Bundespräsident Joachim Gauck wird am 3. August im Elsass, auf einer Anhöhe, bei der 25 Tausend Franzosen und Deutsche fielen, Francois Hollande begegnen, und er will nach Brüssel fahren, zum feierlichen Treffen der Vertreter der Kriegsteilnehmerländer. Das ist alles. Derweil geht aus einer Befragung der Illustrierten „Stern“ hervor, dass zwei Drittel der Deutschen sich für die Kriegskatastrophe von vor einem Jahrhundert interessieren.

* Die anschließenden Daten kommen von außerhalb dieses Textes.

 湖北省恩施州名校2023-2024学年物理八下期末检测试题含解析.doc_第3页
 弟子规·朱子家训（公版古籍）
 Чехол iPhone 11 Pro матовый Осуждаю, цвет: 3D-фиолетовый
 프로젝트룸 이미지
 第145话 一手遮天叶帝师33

Die niederschmetternde Niederlage und der demütigende Artikel 231 des Versailler Vertrages, der von der Alleinschuld Deutschlands an der Entfesselung des Ersten Weltkrieges handelt, sind zweifelsohne ein starker psychologischer Impuls für den offiziellen deutschen Gedächtnisschwund. Ein noch wichtigerer Grund ist der Holocaust. Die Deutschen wurden nicht nur schuldig befunden für den Kriegsausbruch und die Naziverbrechen. Sie haben sich zu ihrer Schuld bekannt, sie haben sich Asche aufs Haupt gestreut und tun das weiterhin. Sie entschuldigen sich, sie leisten Abbitte und erinnern sich. Da ist kein Platz mehr dafür, sich auch noch für den Ersten Weltkrieg an die Brust zu schlagen. (…)

Ich erinnere mich an eine Diskussion von vor Jahren zwischen Bundeskanzler Gerhard Schröder und Martin Walser, in der die beiden sich geradezu darin überboten zu beweisen, dass das ganze Übel in Versailles begonnen habe, wo die Deutschen einen für sie erniedrigenden Vertrag unterschreiben mussten.

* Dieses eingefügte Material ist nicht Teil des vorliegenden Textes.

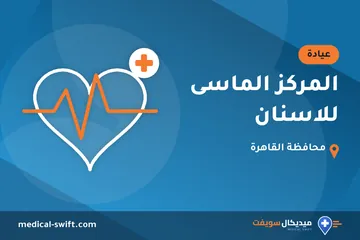المركز الماسى للاسنان – عيادة في محافظة القاهرة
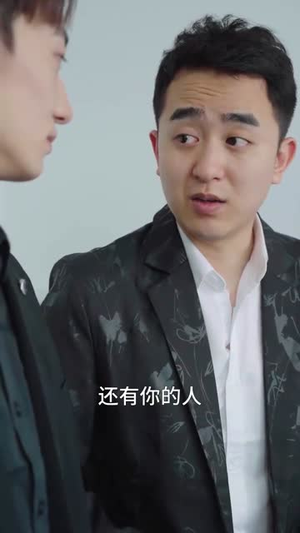 神豪丐婿(107集) 神豪丐婿(107集)最后的大结局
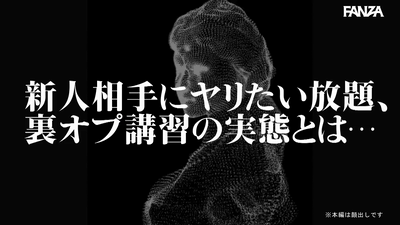 【都崎あやめ】むっちり豊満おっぱいの先生が魅せる秘蔵ハメ撮り映像【GIF】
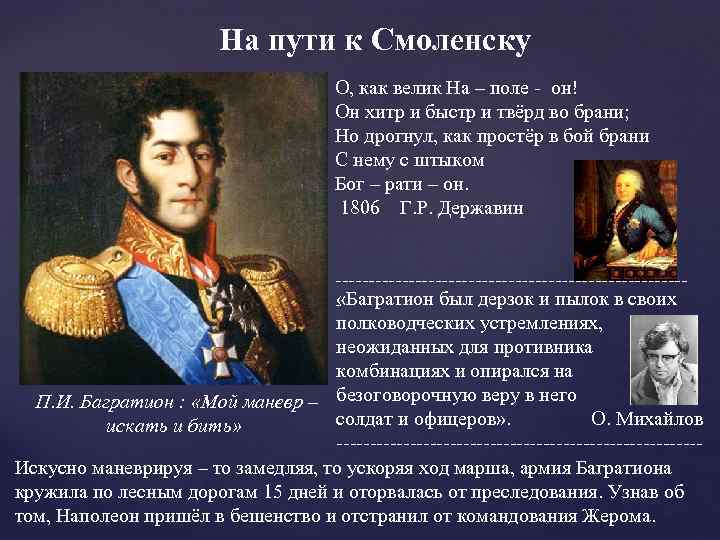 На пути к Смоленску О, как велик На – поле - он! Он хитр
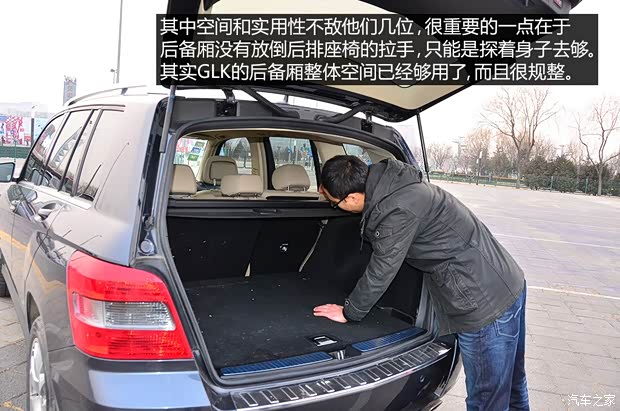 奔馳奔馳(進口)奔馳GLK級(進口)2011款 GLK300 4MATIC 時尚型 奔馳奔馳(進口)奔馳GLK級(進口)2011款 GLK300 4MATIC 時尚型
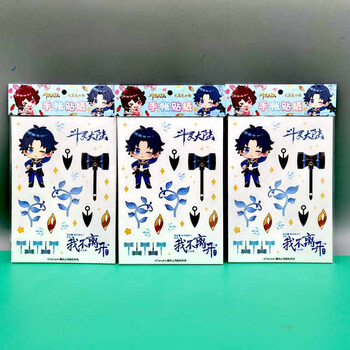 儿童创意卡通可爱动漫周边限定小尺寸装饰唐三小舞 斗罗大陆手账贴纸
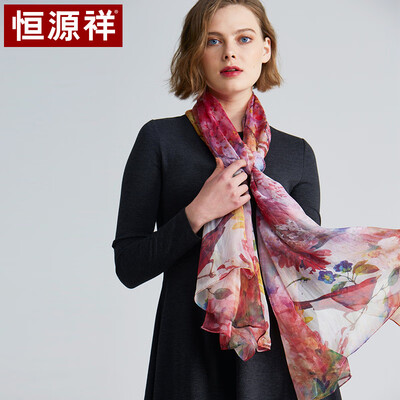 Hengyuan Xiang silk silk scarf ladies spring&autumn winter printed silk scarf summer sunscreen scarf long thin section wild Korean version of the shawl dual-use 50M18740 floral bird language
Hengyuan Xiang silk silk scarf ladies spring&autumn winter printed silk scarf summer sunscreen scarf long thin section wild Korean version of the shawl dual-use 50M18740 floral bird language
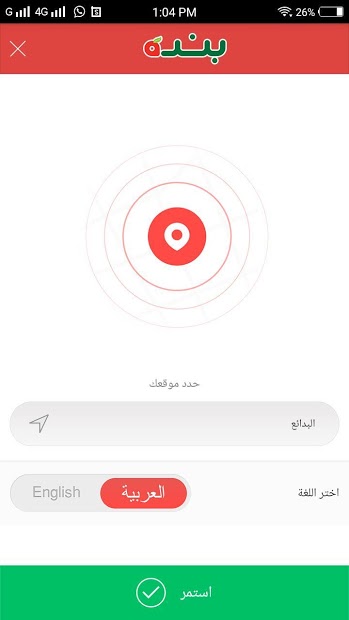 Panda بنده الحاسوب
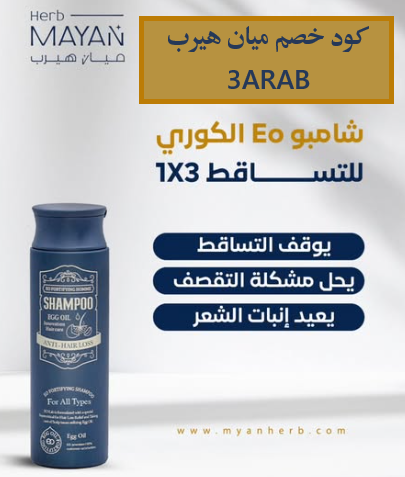 كود خصم ميان هيرب (3ARAB)  احصل على أفضل العروض الآن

-Das ist eine zu groβe Vereinfachung, aber sie enthält ein Körnchen Wahrheit – sagt Hartmann. Nach dem Ersten Weltkrieg waren die Deutschen von dem ihnen angetanen Unrecht überzeugt. Nach dem Zweiten Weltkrieg galt schon die politische Korrektheit, und entsprechend den Thesen des Hamburger Historikers Fritz Fischer in seinem Buch „Griff nach der Weltmacht. Die Kriegszielpolitik des kaiserlichen Deutschlands 1914-1918“, wurde Deutschland zu recht für die Entfesselung des Ersten Weltkrieges verantwortlich gemacht. Die Strafe für die Schuld an den beiden Kriegen war die Teilung Deutschlands. Und so sollte es sein. Nicht alle waren damit einverstanden. Fischers Buch entfesselte eine heftige Diskussion, aber im Prinzip galt das Anzweifeln der deutschen Schuld als geschichtlicher Revisionismus und wurde verurteilt. (…)

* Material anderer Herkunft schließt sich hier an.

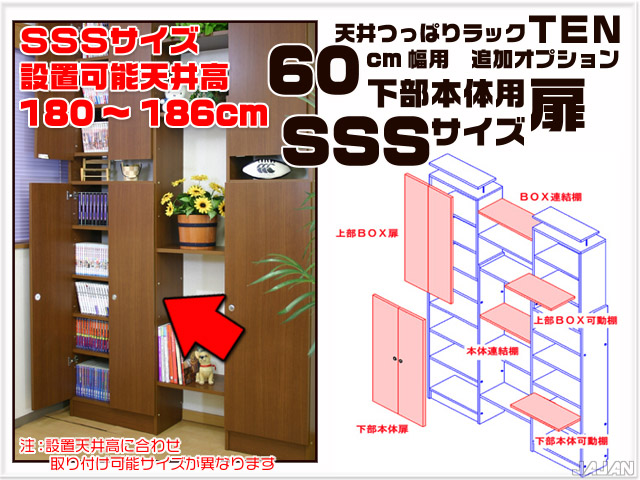 天井つっぱりラックＴＥＮ　専用オプション　60cm幅用　下部本体用扉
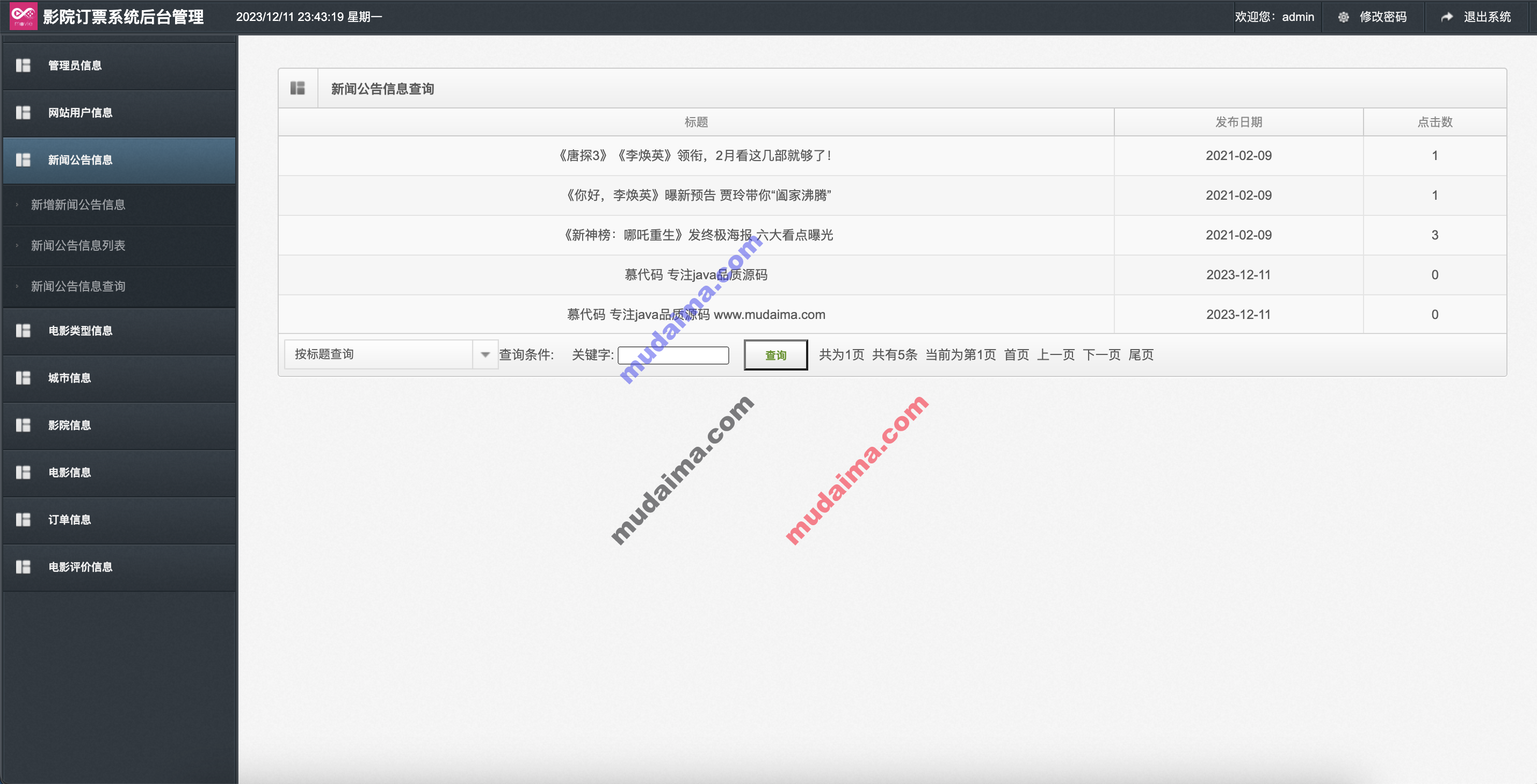 【S088】SSM影院订票系统 java电影售票系统项目源码 java源代码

Die Verantwortung für den Ausbruch des Ersten Weltkrieges ist nicht so einfach zu erklären, wie die für den Zweiten Weltkrieg. Daran erinnert der in Cambridge lehrende Christopher Clark in seinem neusten Buch „Die Schlafwandler. Wie Europa in den Ersten Weltkrieg zog“. Er beweist, dass man mit der Schuld für diesen Krieg auch andere Teilnehmer belasten kann: Österreich-Ungarn, das Serbien ein Ultimatum nach dem Attentat auf Erzherzog Ferdinand und seine Frau stellte. Russland, das sich schützend vor die Slawen auf dem Balkan stellen wollte. Frankreich, den gröβten Feind Deutschlands und ein Verbündeter Russlands, und auch Groβbritannien, das sein Imperium verteidigte. Das alles gefällt in Deutschland sehr. (…).